Arrow-right Camera
The Spokesman-Review Newspaper
Spokane, Washington  Est. May 19, 1883

Districts walled off in Baghdad

Edmund Sanders Los Angeles Times

BAGHDAD – A U.S. military brigade is constructing a three-mile-long concrete wall to cut off one of the capital’s most restive Sunni Arab districts from the Shiite Muslim neighborhoods that surround it, raising concern about the further Balkanization of Iraq’s most populous and violent city.

U.S. commanders in northern Baghdad say the 12-foot-high barrier will make it more difficult for suicide bombers, death squads and militia fighters from sectarian factions to attack one another and slip back to their home turf. Construction began last week and is expected to be completed by the end of the month.

Although Baghdad is replete with blast walls, checkpoints and other temporary barriers, including a massive wall around the Green Zone, the wall being constructed in Adhamiya would be the first to essentially divide a neighborhood by sect.

A largely Sunni district, Adhamiya is one of Baghdad’s flashpoints, avoided by not only Shiites, but Sunni outsiders. The area is almost completely surrounded by Shiite-dominated districts.

The ambitious project is a sign of how far the U.S. military will go to end the nonstop bloodshed in Iraq. But U.S. officials said the barrier is not a central tactic of the ongoing U.S.-Iraqi security crackdown announced Feb. 13.

“We defer to commanders on the ground, but dividing up the entire city with barriers is not part of the plan,” U.S. military spokesman Lt. Col. Christopher Garver said Thursday.

News of the barrier construction was first reported Thursday by the newspaper Stars and Stripes.

Sunnis and Shiites living in the shadow of the barrier are united in their contempt for the imposing new structure.

“Are they trying to divide us into different sectarian cantons?” said a Sunni drugstore owner in Adhamiya, who identified himself as Abu Ahmed, 44. “This will deepen the sectarian strife and only serve to abort efforts aimed at reconciliation.”
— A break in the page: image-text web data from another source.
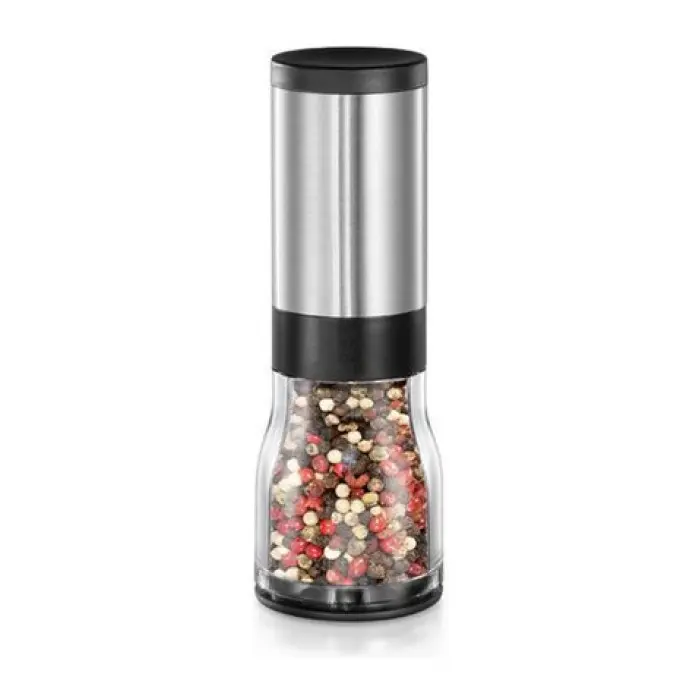 Мелничка за пипер Tescoma Grandchef (35948247)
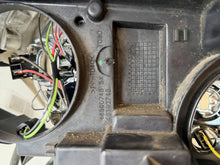Load image into Gallery viewer, Frontscheinwerfer Fiat Doblo Combo 51909054 Ein Stück (Rechts oder Links) SCH3907450031fq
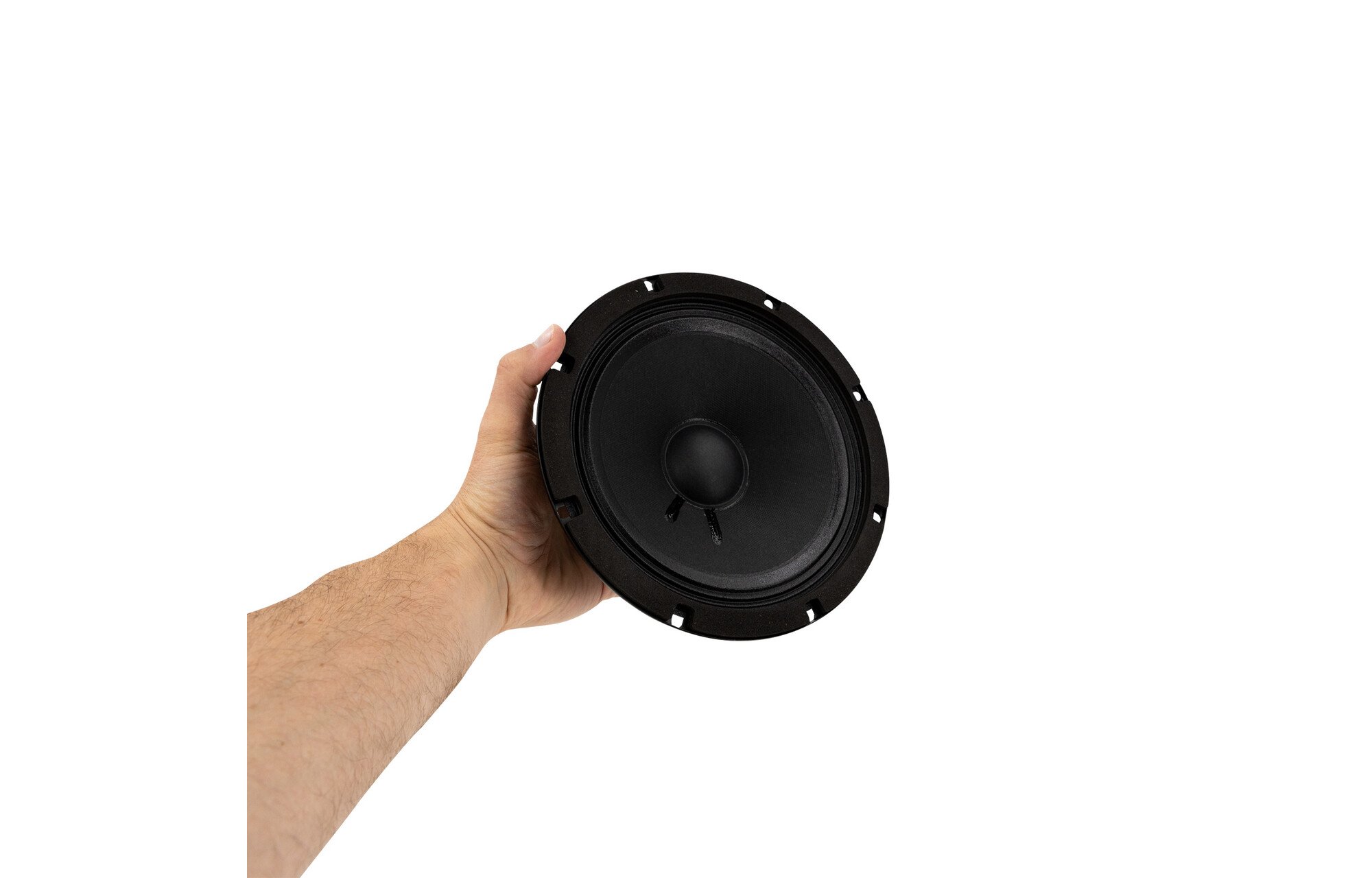 FaitalPRO 8FE200-8F 8" basszus-középsugárzó 8 Ohm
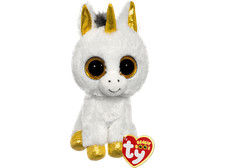 TY - Pegasus Einhorn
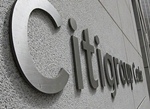 I nuovi bond a tre anni di Citigroup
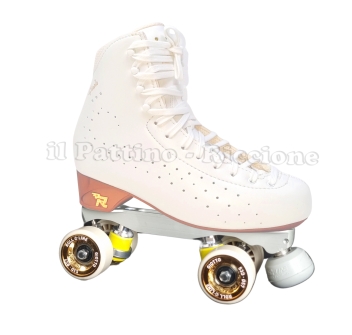 Risport Giada + Roll-line Variant M + Ruote Giotto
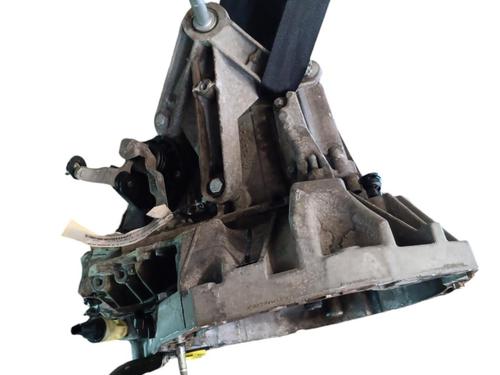Gearbox DACIA SANDERO  | BP25072734M3  - Image 6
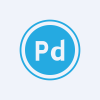 Logo Spółki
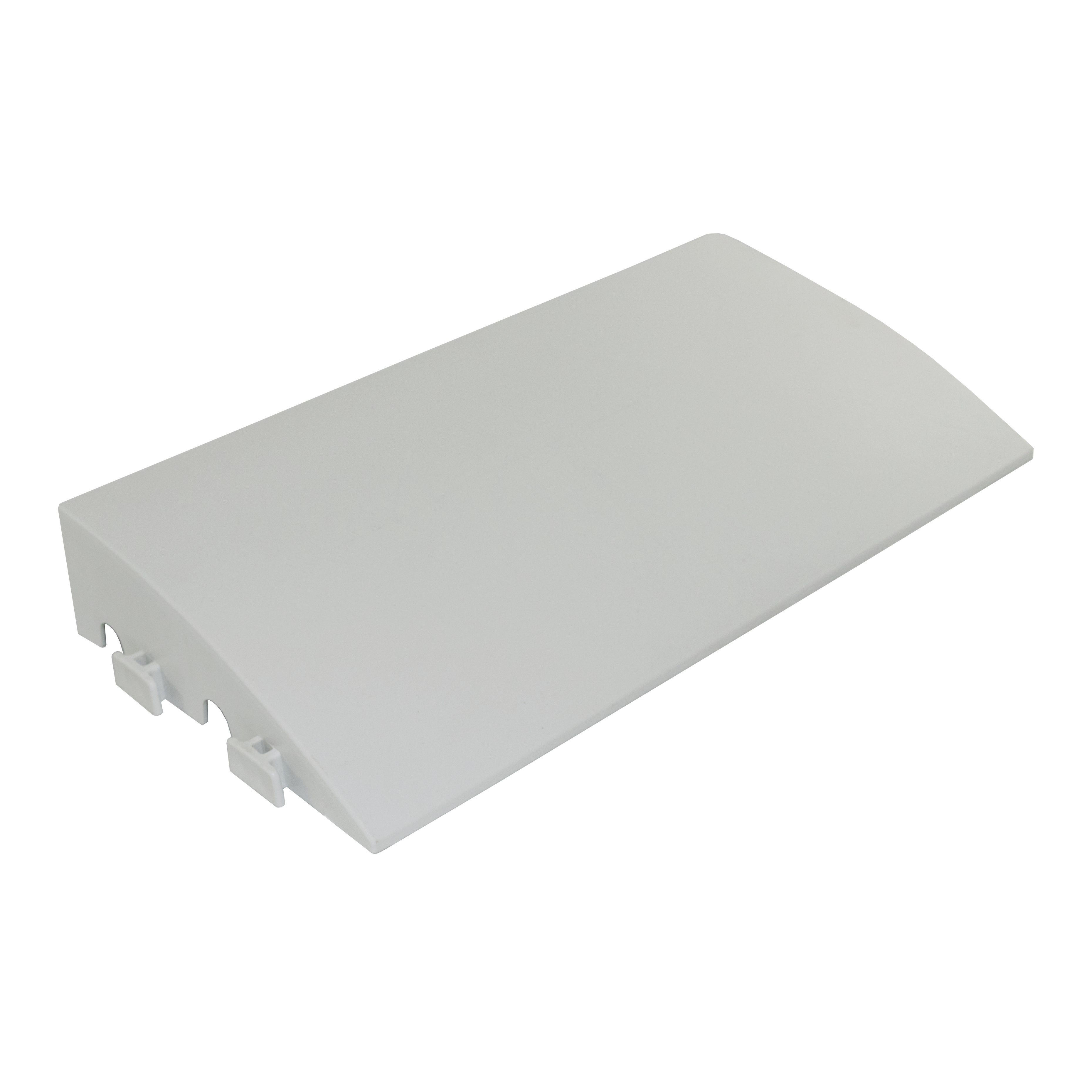 Decalcomanie JC-9105 Toner Bianco 50&deg; Gasser &ndash; Per Ruote Calde Personalizzate 1:64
Some of Ahmed’s customers come from Shiite or mixed neighborhoods that are now cut off by large barriers along a main highway. Customers and others seeking to cross into the Sunni district must park their cars outside Adhamiya, walk through a narrow pedestrian passage in the walls and catch taxis on the other side.

Several residents interviewed likened the project to the massive barriers built around some Palestinians zones in Israel.

“Are we in the West Bank?” asked Abu Qusay, 48, a pharmacist who said that access to his favorite kebab restaurant in Adhamiya has been cut off.

Residents complained that Baghdad has already been dissected by hundreds of barriers that cause daily traffic snarls.

Some predicted the new wall would become a target of militants on both sides. Last week, construction crews came under small-arms fire, military officials said.

“I feel this is the beginning of a pattern of what the whole of Iraq is going to look like, divided by sectarian and racial criteria,” said Abu Marwan, 50, a Shiite pharmacist.

Marwan lives on a predominantly Shiite side of the wall, but works in the Sunni district.

Najim Sadoon, 51, worried he will lose customers at his housewares store. “This closure of the street will have severe economic hardships,” he said. “Transportation fees will increase. Customers who used to come here in their cars will now prefer to go other places.”

Majid Fadhil, 43, a Shiite police commissioner in a neighborhood north of the wall, said flatly, “This fence is not going to work.”

Pentagon officials first broached the idea of creating “gated communities” earlier this year.

But more recently, military officials have emphasized political negotiation as well as heightened troop presence as a way to stem sectarian conflict.

On a tour of the Middle East this week, U.S. Defense Secretary Robert M. Gates repeatedly struck chords of unity and reconciliation. He is expected to meet with sectarian leaders and government officials in Baghdad today.

The construction in Adhamiya is not the first time U.S. military planners have attempted to isolate hostile regions. In 2005, U.S. troops tried to surround the Sunni-dominated city of Samarra with earthen berms to prevent insurgents from entering and leaving the city. A similar strategy was deployed to contain Tall Afar. Experiments with less extensive walls and trenches have also been attempted in Baghdad and Kirkuk.

The latest project is the work of the 407th Brigade Support Battalion, part of the 82nd Airborne Division, based in northern Baghdad’s Camp Taji. Since April 10, soldiers have ventured out almost nightly after curfew, overseeing installation of the 14,000-pound wall segments, using giant construction cranes and employing Iraqi crews, said Army Sgt. Michael Pryor, a public affairs specialist for the unit.

Soldiers have dubbed the project the “The Great Wall of Adhamiya.” Commanders in the 82nd Airborne could not be reached for comment Thursday.

In a news release earlier this week, military officials said the project was intended to protect citizens on both sides.

“(The wall) is on a fault line of Sunni and Shia, and the idea is to curb some of the self-sustaining violence by controlling who has access to the neighborhoods,” Army Capt. Marc Sanborn, brigade engineer for the project, said in the release.